Investing in the product is crucial
Unlike a number of newspapers that seem to have thrown up paywalls more out of desperation than anything else, without investing much in the content, Spitz says he and Kushner believe that in order to justify charging for their content they have to make it worth paying for — so the pair have invested tens of millions of dollars in hiring new reporters and editors, launching over a dozen new sections for the paper (both online and print) and adding other features. Spitz says the head count at the Register has increased by more than 300 people — or close to 50 percent since the pair acquired the company last summer — and the number kf newsroom staff has increased by close to 60 percent.

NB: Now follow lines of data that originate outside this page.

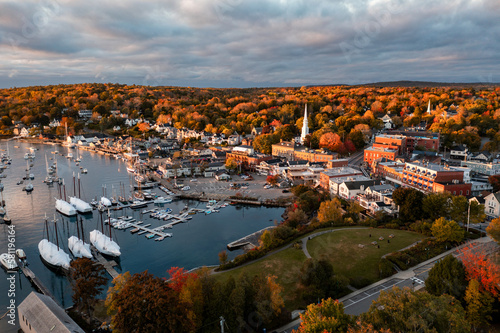 Panoramic view of sea harbor Camden, Maine town on east coast in New England, USA during sunrise in autumn season with fall foliage landscape photo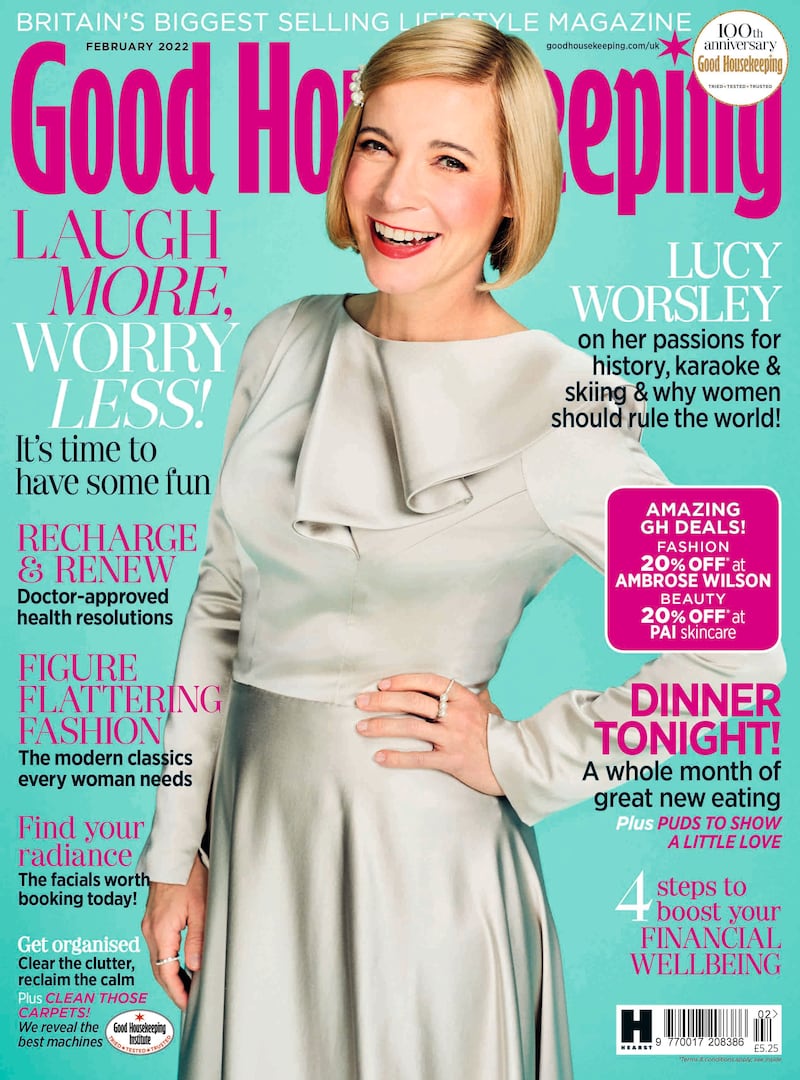 Lucy Worsley smiling with her hand on her hip.
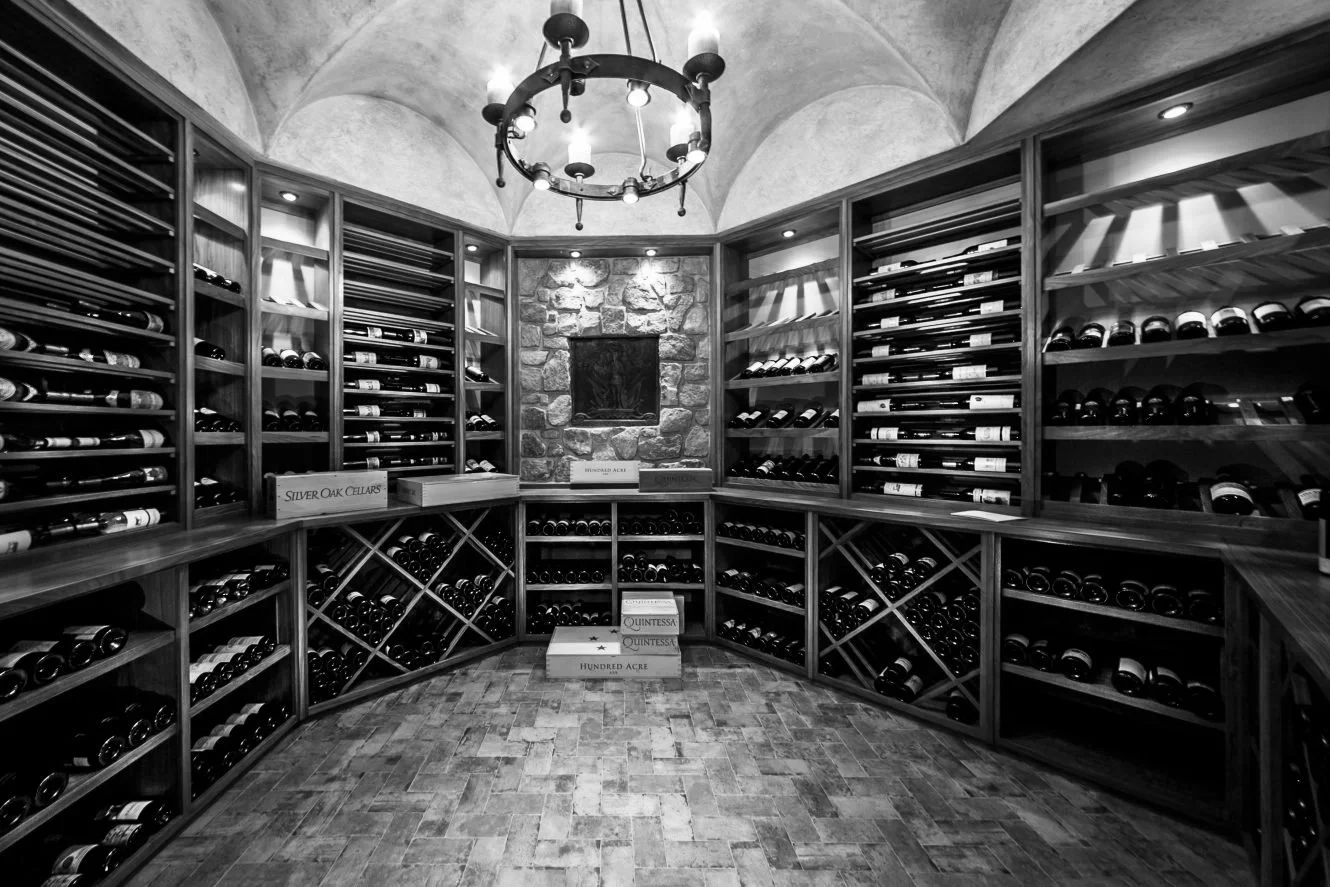 Black and white photo of a wine cellar with wooden shelves filled with wine bottles, a stone accent wall, and a chandelier hanging from the ceiling.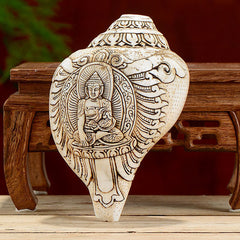 Engraved Shankha Wealth Conch – front carving of Avalokitesvara with wealth vase, Tibetan prosperity shell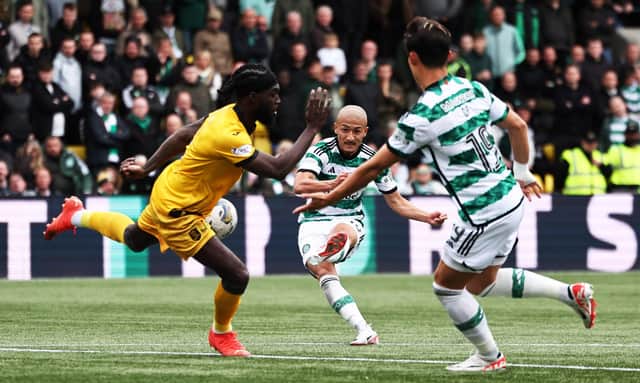 Daizen Maeda scores Celtic's third goal in the win over Livingston. (Photo by Ross MacDonald / SNS Group)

“Our fundamental insight is that the business itself in the newspaper space has been operated for 75-plus years as an advertiser-first, subscriber-second business. We think that’s incorrect, and that they should be run as a subscriber-first, advertiser-second business — and when you make that shift, you see that a lot of other decisions fall from it. The last thing you want to do is cut off more eyeballs if you’re in an ad business. But if you change that foundation and say it is really a subscriber business, then the first thing and the second thing and the third thing you think about every morning is how do I deliver more value to subscribers.”
Spitz and Kushner have also launched a number of features aimed at making their subscribers — whether in print or online — feel special. So in December, every subscriber got an envelope containing a check for $100, which they could donate to whatever charity or interest group they wanted in exchange for free advertising in the paper. Spitz says that move alone cost the company $12.5 million.
If there is value, advertisers will see it
But doesn’t relying more and more on subscriber revenue mean that a newspaper like the Register is doomed to shrink, since advertising revenue — both in print and online — continues to decline? Not necessarily, says Spitz. Unlike the vast majority of industry insiders and observers, the Register‘s owners believe that not only can the decline in print advertising revenue be arrested but revenue from print ads can actually increase, provided advertisers see the kind of engagement they want from readers who are paying for the product.
“Fundamentally, we don’t agree that it is the natural course for print revenue to decline, in fact we think that is at the heart of the problems in the industry… we are modelling for significant increases in print revenue for 2013, and we’re on budget for that for January and February… we believe that as you have more and more engaged subscribers, advertising becomes more valuable.”
Spitz admits that to some extent the Register is unique, since it is one of the few large-scale regional newspapers that doesn’t have much competition from local TV networks and other sources. And he says the model that the paper is relying on also might not work for national newspapers and other outlets, since there are so many free sources of similar content such as CNN. “While I’m a hard paywall advocate, I think it’s smart for USA Today not to go to a paywall — their content is just not differentiated enough,” Spitz said.
It’s more than a little ironic that the two men who seem to be the biggest fans of print and the biggest proponents of making people pay for news aren’t even from the industry, and have never worked for nor run a newspaper. But can they fight the forces that have driven many of their newspaper-owning colleagues into despair, and in some cases financial ruin?